## Problem to solve
Repeat the entries that follow, exactly as they are written.

*** Opening of Data for review ***

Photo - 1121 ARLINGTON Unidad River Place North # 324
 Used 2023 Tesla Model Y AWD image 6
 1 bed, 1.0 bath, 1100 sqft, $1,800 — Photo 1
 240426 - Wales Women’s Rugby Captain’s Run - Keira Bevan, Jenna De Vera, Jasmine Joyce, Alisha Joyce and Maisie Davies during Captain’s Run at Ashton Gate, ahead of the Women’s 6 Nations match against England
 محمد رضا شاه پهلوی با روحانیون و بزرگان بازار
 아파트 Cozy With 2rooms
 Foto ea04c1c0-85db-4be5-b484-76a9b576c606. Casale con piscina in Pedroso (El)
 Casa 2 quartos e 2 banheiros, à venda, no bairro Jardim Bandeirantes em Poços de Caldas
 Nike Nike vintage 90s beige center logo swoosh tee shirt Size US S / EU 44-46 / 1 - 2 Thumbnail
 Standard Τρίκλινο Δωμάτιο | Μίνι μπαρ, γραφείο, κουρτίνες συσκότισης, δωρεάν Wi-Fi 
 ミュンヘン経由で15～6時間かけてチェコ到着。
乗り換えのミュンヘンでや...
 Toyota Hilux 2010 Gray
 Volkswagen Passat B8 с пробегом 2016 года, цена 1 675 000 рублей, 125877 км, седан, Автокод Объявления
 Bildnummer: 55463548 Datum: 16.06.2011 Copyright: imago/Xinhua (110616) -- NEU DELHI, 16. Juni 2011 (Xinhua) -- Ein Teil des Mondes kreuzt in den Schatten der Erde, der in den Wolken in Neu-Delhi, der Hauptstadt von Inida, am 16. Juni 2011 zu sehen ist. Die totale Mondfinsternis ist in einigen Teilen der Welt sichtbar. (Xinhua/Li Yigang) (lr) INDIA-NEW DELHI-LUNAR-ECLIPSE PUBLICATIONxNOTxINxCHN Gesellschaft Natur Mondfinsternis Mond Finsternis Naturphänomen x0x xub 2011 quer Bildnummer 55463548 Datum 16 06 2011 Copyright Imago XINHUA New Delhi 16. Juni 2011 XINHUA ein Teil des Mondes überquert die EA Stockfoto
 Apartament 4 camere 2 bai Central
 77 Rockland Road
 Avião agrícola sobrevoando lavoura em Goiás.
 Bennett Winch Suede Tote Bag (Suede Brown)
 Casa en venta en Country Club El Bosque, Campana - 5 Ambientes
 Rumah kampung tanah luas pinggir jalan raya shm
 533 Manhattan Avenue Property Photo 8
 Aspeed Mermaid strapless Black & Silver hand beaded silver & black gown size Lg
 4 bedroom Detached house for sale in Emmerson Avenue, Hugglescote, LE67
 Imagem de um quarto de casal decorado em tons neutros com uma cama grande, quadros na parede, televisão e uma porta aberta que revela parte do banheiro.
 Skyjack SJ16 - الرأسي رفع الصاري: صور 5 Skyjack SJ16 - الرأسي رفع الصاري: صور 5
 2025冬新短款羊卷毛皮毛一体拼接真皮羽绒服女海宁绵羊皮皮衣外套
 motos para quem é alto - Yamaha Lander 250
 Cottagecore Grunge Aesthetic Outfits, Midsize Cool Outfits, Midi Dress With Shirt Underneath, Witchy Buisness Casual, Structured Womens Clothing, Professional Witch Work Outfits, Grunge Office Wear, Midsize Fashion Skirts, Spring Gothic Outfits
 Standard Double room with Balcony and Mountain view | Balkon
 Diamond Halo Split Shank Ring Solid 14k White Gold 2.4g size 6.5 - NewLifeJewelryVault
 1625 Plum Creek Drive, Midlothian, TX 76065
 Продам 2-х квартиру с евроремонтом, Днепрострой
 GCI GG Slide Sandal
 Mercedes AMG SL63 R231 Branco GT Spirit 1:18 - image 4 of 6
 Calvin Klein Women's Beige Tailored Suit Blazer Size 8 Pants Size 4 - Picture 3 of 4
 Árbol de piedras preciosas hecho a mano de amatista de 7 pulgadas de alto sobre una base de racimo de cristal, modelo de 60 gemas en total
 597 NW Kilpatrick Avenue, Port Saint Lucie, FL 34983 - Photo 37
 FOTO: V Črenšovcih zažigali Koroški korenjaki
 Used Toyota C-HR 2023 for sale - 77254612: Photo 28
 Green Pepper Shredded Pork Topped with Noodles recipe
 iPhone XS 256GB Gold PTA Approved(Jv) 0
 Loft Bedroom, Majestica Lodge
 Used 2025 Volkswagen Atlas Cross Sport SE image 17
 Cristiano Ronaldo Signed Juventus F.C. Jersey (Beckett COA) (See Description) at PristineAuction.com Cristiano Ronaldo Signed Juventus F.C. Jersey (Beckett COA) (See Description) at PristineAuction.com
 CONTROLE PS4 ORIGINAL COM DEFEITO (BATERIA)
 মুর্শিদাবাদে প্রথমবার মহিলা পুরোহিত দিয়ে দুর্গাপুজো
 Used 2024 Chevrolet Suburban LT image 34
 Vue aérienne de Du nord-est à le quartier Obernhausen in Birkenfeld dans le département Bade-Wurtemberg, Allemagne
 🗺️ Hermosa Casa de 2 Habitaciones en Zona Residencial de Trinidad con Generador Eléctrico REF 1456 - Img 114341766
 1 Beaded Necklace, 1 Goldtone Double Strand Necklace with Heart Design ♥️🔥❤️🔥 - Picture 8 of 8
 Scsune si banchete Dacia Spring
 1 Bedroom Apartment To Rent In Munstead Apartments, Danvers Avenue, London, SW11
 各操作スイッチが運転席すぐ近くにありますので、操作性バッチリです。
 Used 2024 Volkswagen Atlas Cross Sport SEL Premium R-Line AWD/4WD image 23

*** Close of Data for review ***

## Exercise result
Photo - 1121 ARLINGTON Unidad River Place North # 324
 Used 2023 Tesla Model Y AWD image 6
 1 bed, 1.0 bath, 1100 sqft, $1,800 — Photo 1
 240426 - Wales Women’s Rugby Captain’s Run - Keira Bevan, Jenna De Vera, Jasmine Joyce, Alisha Joyce and Maisie Davies during Captain’s Run at Ashton Gate, ahead of the Women’s 6 Nations match against England
 محمد رضا شاه پهلوی با روحانیون و بزرگان بازار
 아파트 Cozy With 2rooms
 Foto ea04c1c0-85db-4be5-b484-76a9b576c606. Casale con piscina in Pedroso (El)
 Casa 2 quartos e 2 banheiros, à venda, no bairro Jardim Bandeirantes em Poços de Caldas
 Nike Nike vintage 90s beige center logo swoosh tee shirt Size US S / EU 44-46 / 1 - 2 Thumbnail
 Standard Τρίκλινο Δωμάτιο | Μίνι μπαρ, γραφείο, κουρτίνες συσκότισης, δωρεάν Wi-Fi 
 ミュンヘン経由で15～6時間かけてチェコ到着。
乗り換えのミュンヘンでや...
 Toyota Hilux 2010 Gray
 Volkswagen Passat B8 с пробегом 2016 года, цена 1 675 000 рублей, 125877 км, седан, Автокод Объявления
 Bildnummer: 55463548 Datum: 16.06.2011 Copyright: imago/Xinhua (110616) -- NEU DELHI, 16. Juni 2011 (Xinhua) -- Ein Teil des Mondes kreuzt in den Schatten der Erde, der in den Wolken in Neu-Delhi, der Hauptstadt von Inida, am 16. Juni 2011 zu sehen ist. Die totale Mondfinsternis ist in einigen Teilen der Welt sichtbar. (Xinhua/Li Yigang) (lr) INDIA-NEW DELHI-LUNAR-ECLIPSE PUBLICATIONxNOTxINxCHN Gesellschaft Natur Mondfinsternis Mond Finsternis Naturphänomen x0x xub 2011 quer Bildnummer 55463548 Datum 16 06 2011 Copyright Imago XINHUA New Delhi 16. Juni 2011 XINHUA ein Teil des Mondes überquert die EA Stockfoto
 Apartament 4 camere 2 bai Central
 77 Rockland Road
 Avião agrícola sobrevoando lavoura em Goiás.
 Bennett Winch Suede Tote Bag (Suede Brown)
 Casa en venta en Country Club El Bosque, Campana - 5 Ambientes
 Rumah kampung tanah luas pinggir jalan raya shm
 533 Manhattan Avenue Property Photo 8
 Aspeed Mermaid strapless Black & Silver hand beaded silver & black gown size Lg
 4 bedroom Detached house for sale in Emmerson Avenue, Hugglescote, LE67
 Imagem de um quarto de casal decorado em tons neutros com uma cama grande, quadros na parede, televisão e uma porta aberta que revela parte do banheiro.
 Skyjack SJ16 - الرأسي رفع الصاري: صور 5 Skyjack SJ16 - الرأسي رفع الصاري: صور 5
 2025冬新短款羊卷毛皮毛一体拼接真皮羽绒服女海宁绵羊皮皮衣外套
 motos para quem é alto - Yamaha Lander 250
 Cottagecore Grunge Aesthetic Outfits, Midsize Cool Outfits, Midi Dress With Shirt Underneath, Witchy Buisness Casual, Structured Womens Clothing, Professional Witch Work Outfits, Grunge Office Wear, Midsize Fashion Skirts, Spring Gothic Outfits
 Standard Double room with Balcony and Mountain view | Balkon
 Diamond Halo Split Shank Ring Solid 14k White Gold 2.4g size 6.5 - NewLifeJewelryVault
 1625 Plum Creek Drive, Midlothian, TX 76065
 Продам 2-х квартиру с евроремонтом, Днепрострой
 GCI GG Slide Sandal
 Mercedes AMG SL63 R231 Branco GT Spirit 1:18 - image 4 of 6
 Calvin Klein Women's Beige Tailored Suit Blazer Size 8 Pants Size 4 - Picture 3 of 4
 Árbol de piedras preciosas hecho a mano de amatista de 7 pulgadas de alto sobre una base de racimo de cristal, modelo de 60 gemas en total
 597 NW Kilpatrick Avenue, Port Saint Lucie, FL 34983 - Photo 37
 FOTO: V Črenšovcih zažigali Koroški korenjaki
 Used Toyota C-HR 2023 for sale - 77254612: Photo 28
 Green Pepper Shredded Pork Topped with Noodles recipe
 iPhone XS 256GB Gold PTA Approved(Jv) 0
 Loft Bedroom, Majestica Lodge
 Used 2025 Volkswagen Atlas Cross Sport SE image 17
 Cristiano Ronaldo Signed Juventus F.C. Jersey (Beckett COA) (See Description) at PristineAuction.com Cristiano Ronaldo Signed Juventus F.C. Jersey (Beckett COA) (See Description) at PristineAuction.com
 CONTROLE PS4 ORIGINAL COM DEFEITO (BATERIA)
 মুর্শিদাবাদে প্রথমবার মহিলা পুরোহিত দিয়ে দুর্গাপুজো
 Used 2024 Chevrolet Suburban LT image 34
 Vue aérienne de Du nord-est à le quartier Obernhausen in Birkenfeld dans le département Bade-Wurtemberg, Allemagne
 🗺️ Hermosa Casa de 2 Habitaciones en Zona Residencial de Trinidad con Generador Eléctrico REF 1456 - Img 114341766
 1 Beaded Necklace, 1 Goldtone Double Strand Necklace with Heart Design ♥️🔥❤️🔥 - Picture 8 of 8
 Scsune si banchete Dacia Spring
 1 Bedroom Apartment To Rent In Munstead Apartments, Danvers Avenue, London, SW11
 各操作スイッチが運転席すぐ近くにありますので、操作性バッチリです。
 Used 2024 Volkswagen Atlas Cross Sport SEL Premium R-Line AWD/4WD image 23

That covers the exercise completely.